He proves the triangle inequality

Lecture 15

Lecture 14

Lecture 13
The highlight of this lecture is the proof of the Binet Formula using Strong Induction.
The Binet formula is \frac{\phi^n-\alpha^n}{\sqrt{5}}
\phi = \frac{1+\sqrt{5}}{2} and \alpha = \frac{1-\sqrt{5}}{2}.
Verify the base cases:
for n = 1 we have
\frac{\phi-\alpha}{\sqrt{5}}= 1
Similarly
for n = 2 we have
\frac{\phi^2-\alpha^2}{\sqrt{5}}
\Rightarrow \frac{(\phi-1)-(\alpha-1)}{\sqrt{5}}
\Rightarrow \frac{\phi-\alpha}{\sqrt{5}}
which we know from first statement is true
To prove the last step we realize that F_{n+1}=F_n+F_{n-1}
Thus we have
\Rightarrow F_{n+1}= \frac{\phi^n-\alpha^n}{\sqrt{5}}+\frac{\phi^{n-1}-\alpha^{n-1}}{\sqrt{5}}
\Rightarrow F_{n+1}= \frac{\phi^n+\phi^{n-1}-\alpha^n-\alpha^{n-1}}{\sqrt{5}}
\Rightarrow F_{n+1}= \frac{\phi^{n-1}(\phi+1)-\alpha^{n-1}(\alpha+1)}{\sqrt{5}}
\Rightarrow F_{n+1}= \frac{\phi^{n-1}(\phi^2)-\alpha^{n-1}(\alpha^2)}{\sqrt{5}}
\Rightarrow F_{n+1}= \frac{\phi^{n+1}-\alpha^{n+1}}{\sqrt{5}}
Hence Proved

Lecture 12
General formula for Fibonacci numbers.

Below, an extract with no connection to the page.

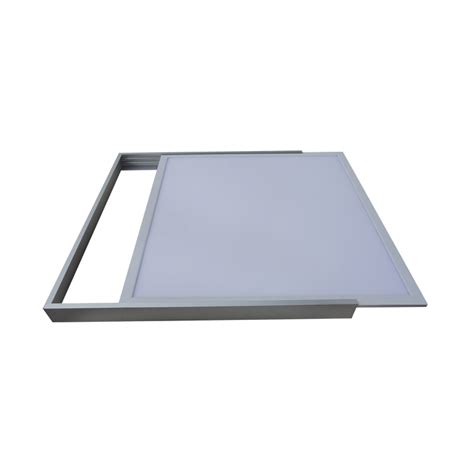 Best Hot Sale 2x2 2x4 1x4 Aluminum Ceiling Surface Mounted Led Panel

Its called Binet Formula.
Aside from showing it is true for base case. The Strong Induction assumes that the given statement is true for all numbers between the one covered by the base case and an arbitrary number n.

Every number is a Prime or a Product of Primes.

Lecture 11
This is the first lecture on Mathematical Induction and he proves the usual theorem
He first quotes Polya
It is enough to know two things about the conjecture
1. It is true for n=1
2. Being true for n, its also true for n+1

First proof S=\frac{n(n+1)}{2}
Second proof 1+3+5+\cdots+(2n-1)= n^2
Third proof 1^2+2^2+\cdots+n^2=\frac{n(n+1)(2n+1)}{6}
Fourth proof 1^3+2^3+\cdots+n^3=\left ( \frac{n(n+1)}{2}\right )^2
The last example is to demonstrate that base case need not be 1 its about inequality
2^n > n^2 for n > 4
So here the base case is n = 5

Lecture 10
Infinite Sets
Galileo noticed this paradox. Square is a subset of the set.
One set can be a subset of another set.
Measuring the size of the set.
Two sets have the same cardinality if there is a bijection f:A \rightarrow B
Cardinality of Integers
Bijective mapping between Natural numbers and Integers
f(n) = \frac{n}{2} if n is even.
f(n) = \frac{-(n-1)}{2} if n is odd.

A set is countably infinite if it has the same cardinality as Natural number.
So a countable set is either finite or countably infinite.
Rational numbers are countably infinite.
Bijection between Natural number and Fractions
\frac{1}{1} \frac{2}{1}\frac{3}{1}\frac{4}{1}\frac{5}{1}
\frac{1}{2} \frac{2}{2}\frac{3}{2}\frac{4}{2}\frac{5}{2}
\frac{1}{3} \frac{2}{3}\frac{3}{3}\frac{4}{3}\frac{5}{3}
\frac{1}{4} \frac{2}{4}\frac{3}{4}\frac{4}{4}\frac{5}{4}
\frac{1}{5} \frac{2}{5}\frac{3}{5}\frac{4}{5}\frac{5}{5}

Mapping interval (0,1)
Is there anything in between cardinality of Natural Number and cardinality of real numbers.
One can show that there is a 1 to 1 mapping between (0,1) \rightarrow \frac{2x-1}{x(x-1)}
Its impossible to disprove Continnum Hypothesis from axioms of set theory by Godel.
Its impossible to prove Continnum Hypothesis from axioms of set theory by Paul Cohen.

Lecture 9
Elementary Set theory
Set of all playing cards
He proves De Morgan’s law in this lecture.

Lecture 8

Lecture 7
Proof by Contradiction
He starts with the \sqrt{2} is a rational number.
Contrapositive is the idea p \rightarrow q and \lnot q \rightarrow \lnot p
The first proof he does is prove that n^2 \text{is even} \rightarrow n \text{is even}
This is also called as Reductio ad absurdum (Reduction to the absurd).
Polya said the “Reduction ad absurdum shows the falsity of the assumption by deriving from it a manifest absurdity”.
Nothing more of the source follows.